Only one span of the listing below is wanted: the lines from the one with "Currency, 9- Red" through the one with "Lillo Bomba de", reproduced exactly, both ends kept.

**Raw data:**
★ ★ ★ ★ ★
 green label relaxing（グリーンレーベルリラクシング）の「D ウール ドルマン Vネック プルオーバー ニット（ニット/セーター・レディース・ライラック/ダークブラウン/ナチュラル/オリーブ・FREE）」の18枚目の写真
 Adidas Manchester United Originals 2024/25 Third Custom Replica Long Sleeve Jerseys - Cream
★ ★ ★ ★ ★
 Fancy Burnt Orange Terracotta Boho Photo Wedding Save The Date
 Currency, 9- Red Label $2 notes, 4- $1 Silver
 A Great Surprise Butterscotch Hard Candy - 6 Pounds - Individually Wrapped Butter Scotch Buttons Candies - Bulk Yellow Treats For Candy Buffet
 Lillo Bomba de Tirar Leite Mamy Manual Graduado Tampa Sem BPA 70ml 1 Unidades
★ ★ ★ ★ ★
**Response to the task:**
 Currency, 9- Red Label $2 notes, 4- $1 Silver
 A Great Surprise Butterscotch Hard Candy - 6 Pounds - Individually Wrapped Butter Scotch Buttons Candies - Bulk Yellow Treats For Candy Buffet
 Lillo Bomba de Tirar Leite Mamy Manual Graduado Tampa Sem BPA 70ml 1 Unidades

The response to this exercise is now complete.